The situation in Minneapolis at the moment (and many other places in the US) following George Floyd's death is, I think it's fair to say, extremely volatile. I wouldn't even know where to begin commentary on that, but what I do have a voice on is data breaches which prompted me to tweet this out earlier today:
I'm seeing a bunch of tweets along the lines of "Anonymous leaked the email addresses and passwords of the Minneapolis police" with links and screen caps of pastes as "evidence". This is almost certainly fake for several reasons:
— Troy Hunt (@troyhunt) May 31, 2020
I was CC'd into a bunch of threads that were redistributing the alleged email addresses and passwords, most of them referring to a data breach (or "leak") of some kind allegedly perpetrated by "Anonymous". I've now seen several versions of the same set of email addresses and passwords albeit with different attribution up the top of the file. This is one of the more popular ones that links a hack of the MPD website to leaked credentials:
I've got a lot of "allegedly" and air quotes throughout this post because a lot of it is hard to substantiate, but certainly there's a lot of this sort of thing spreading online at the moment:
ANONYMOUS IS BACK AND HAVE ALREADY H@CKED THE MINNEAPOLIS POLICE DEPARTMENT WEBSITEpic.twitter.com/W7AcHyh3gV
— nutella⁷ closed or ia idk | BLM (@pjnkmin) May 31, 2020
Just to be clear: there's not necessarily a direct link between whoever put the video above together and the data now doing the rounds and attribution is tricky once you get a bunch of different people under different accounts and pseudonyms all flying the "Anonymous" banner. What I'm interested in whether the data I referred to earlier is actually from the MPD or, as I speculated, from elsewhere:
Firstly, each of the random addresses I picked out appears in @haveibeenpwned, usually against credential stuffing lists which have email address and plain text pairs. In other words, this is data that's already out there in other breaches, at least the email addresses are.

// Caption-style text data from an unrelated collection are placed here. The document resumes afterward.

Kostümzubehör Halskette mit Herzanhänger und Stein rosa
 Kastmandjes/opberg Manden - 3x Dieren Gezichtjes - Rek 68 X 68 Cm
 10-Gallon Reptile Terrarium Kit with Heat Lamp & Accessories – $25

— Troy Hunt (@troyhunt) May 31, 2020
So let's dig into it. There are 798 email addresses in the data set but only 689 unique ones. 87 of the email addresses appear multiple times, usually twice, but one of them 7 times over. I'll come back to the passwords associated with that account in a moment, what I will say for now is that it's extremely unusual to see the same email address with multiple different passwords in a legitimate data breach as most systems simply won't let an address register more than once.

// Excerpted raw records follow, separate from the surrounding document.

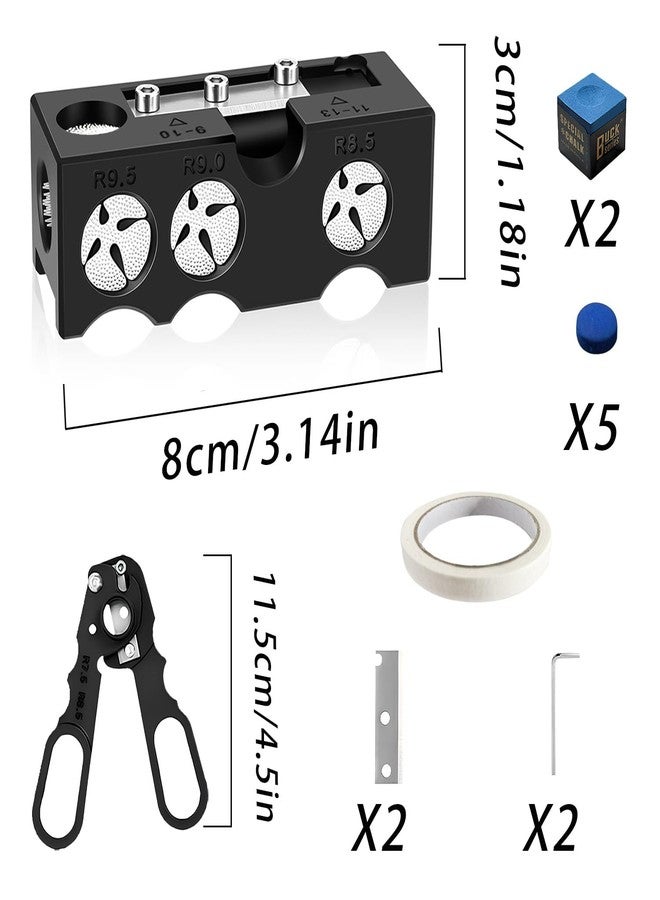 Mauts-inus 11-in-1 Billiards Pool Cue Tip Shaper, Large and Small Pool Cue Tips Kit, Pool Cue Shaper - Image 4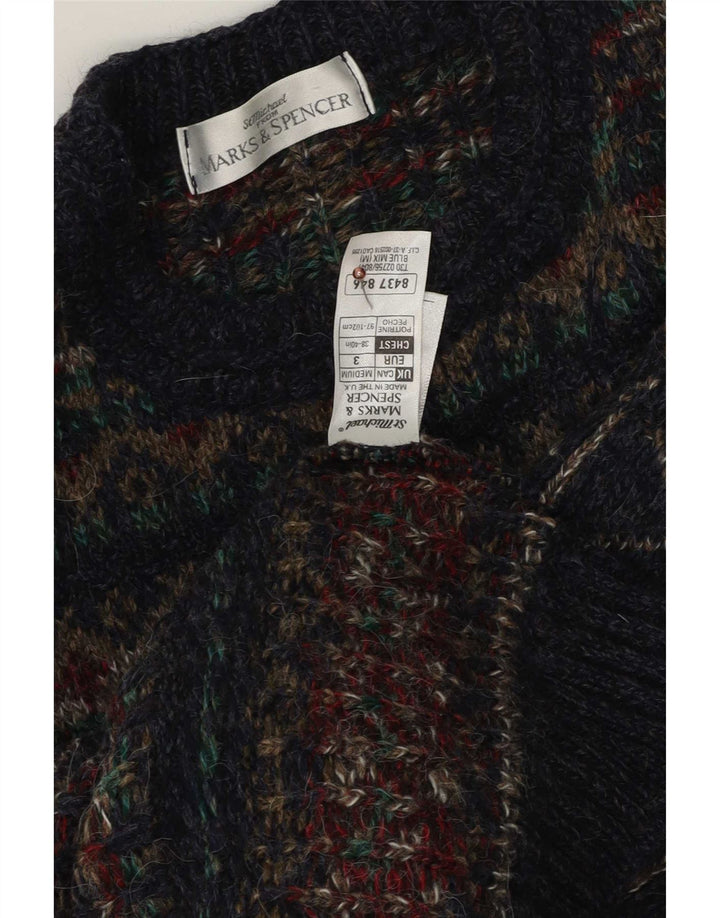 Marks & Spencer Męski sweter z okrągłym dekoltem, średni granatowy Fair Isle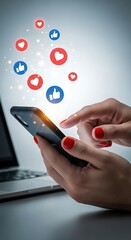 Woman's hands using smartphone with social media likes and hearts floating mobile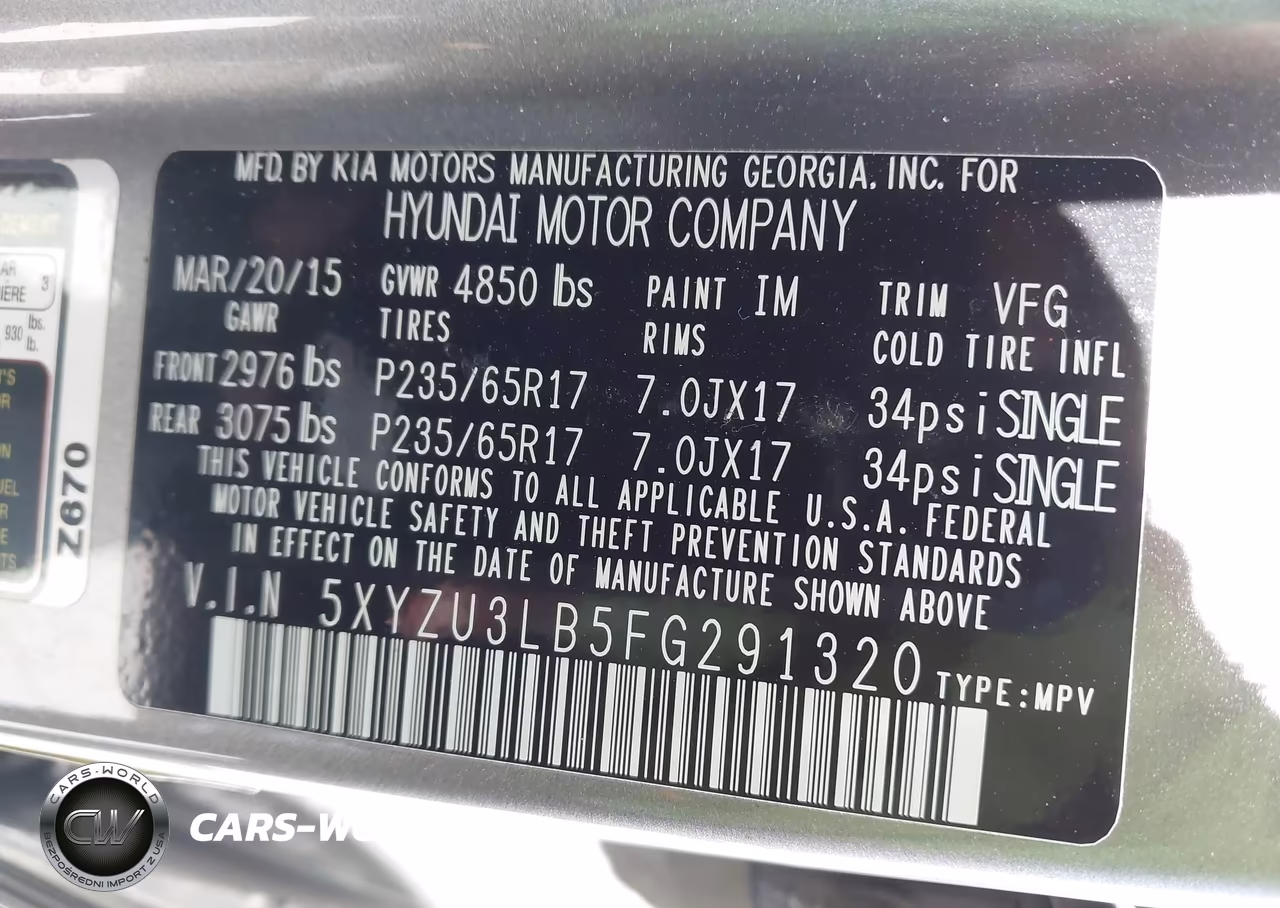 2015 Hyundai Santa Fe Sport 2.4L VIN:5XYZU3LB5FG291320 - 9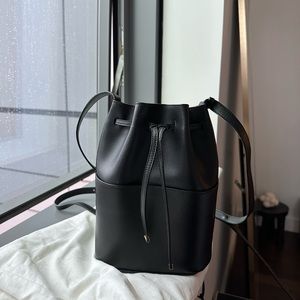 Cuyana Mini Bucket Bag Drawstring Saffiano Leather Purse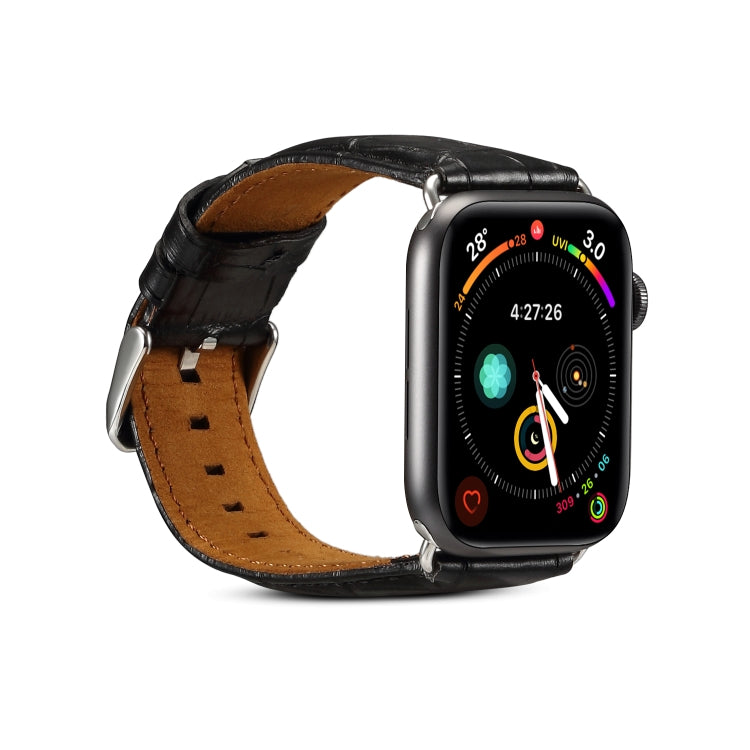 Lisslune | For Apple Watch Series 9&8&7 41mm / SE 3&SE 2&6&SE&5&4 40mm / 3&2&1 38mm Cowhide Crocodile Texture Strap Watch Band (Black)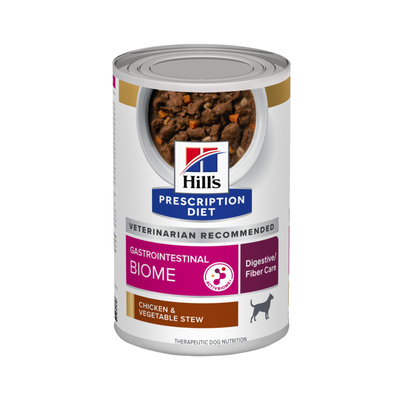 12 Latas Hills Gastrointestinal Prescription Diet Alimento Húmedo para Perro Biome Digestive Fiber Care Chicken and Vegetable Stew 354 g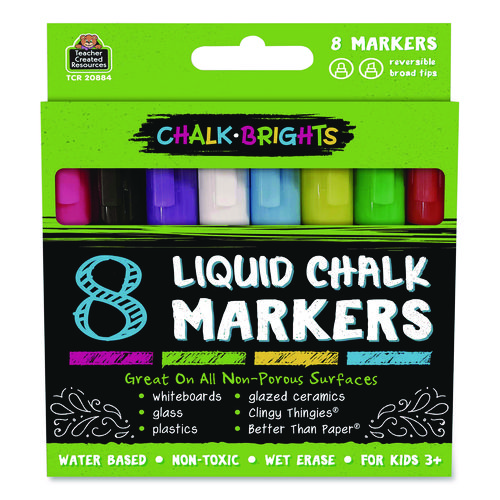 Chalk Brights Liquid Chalk Markers, Broad Reversible Bullet/Chisel Tips, Assorted Colors, 8/Pack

Of the 689 unique email addresses, 654 of them are already in Have I Been Pwned. That's a hit rate of 95% which is massively higher than any all-new legitimate breach. If you have a browse through the HIBP Twitter account, you'll see the percentage of previously breached accounts next to each tweet and it's typically in the 60% to 80% range for services based in the US (lower rates for areas of the world that are underrepresented in HIBP, for example Indonesia and Japan).
Next up is the distribution of addresses across breaches and I'll share a couple of snippets from one of the tools I use to help attribute data such as this:
HIBP presently has a ratio of just over 2 breaches per email address in the system. However, what we're seeing here is a very high prevalence of each address appearing not just in 2 breaches, but in an average of 5.5 breaches. In other words, these accounts are breached way more than usual. When we look at which incidents they've been breached in, they're very heavily weighted towards data aggregators, with a couple of notable exceptions:
The People Data Labs breach is in the top spot and it's presently the 4th largest breach in HIBP. Verifications.io is the second largest and Anti Public the 6th largest. The conclusion I draw from this is that a huge amount of the data is coming from aggregated lists known to be in broad circulation. LinkedIn is a bit of an outlier here because whilst the data is in very broad circulation, it's not an aggregation of multiple sets rather a single, discrete breach. Which brings me to next tweet in my thread:
Secondly, the passwords are consistently *woeful* and are often all lowercase, numeric or other patterns that would almost certainly be rejected by any official @minneapolispd system. They're simple passwords most likely cracked from other breaches.
— Troy Hunt (@troyhunt) May 31, 2020
Two of the passwords in the data clearly tie it back to the LinkedIn breach, one literally being the word "LinkedIn" and the other an all lowercase version of that. It's difficult to imagine someone creating an MPD account with that password. Then again, people do stupid things with passwords (yes, even police officers) so it's possible. What's less likely is that a current day official police department system would allow an all lowercase 8-character password. Not convinced? The following passwords are also present:
- le (yes, with just 2 characters)
- 1603 (which looks like a PIN)
- password
- 123456
As with the LinkedIn passwords, it's possible these are from an official police system, but the likelihood is extremely low. So where could they be from? Let's run them all against Pwned Passwords and see.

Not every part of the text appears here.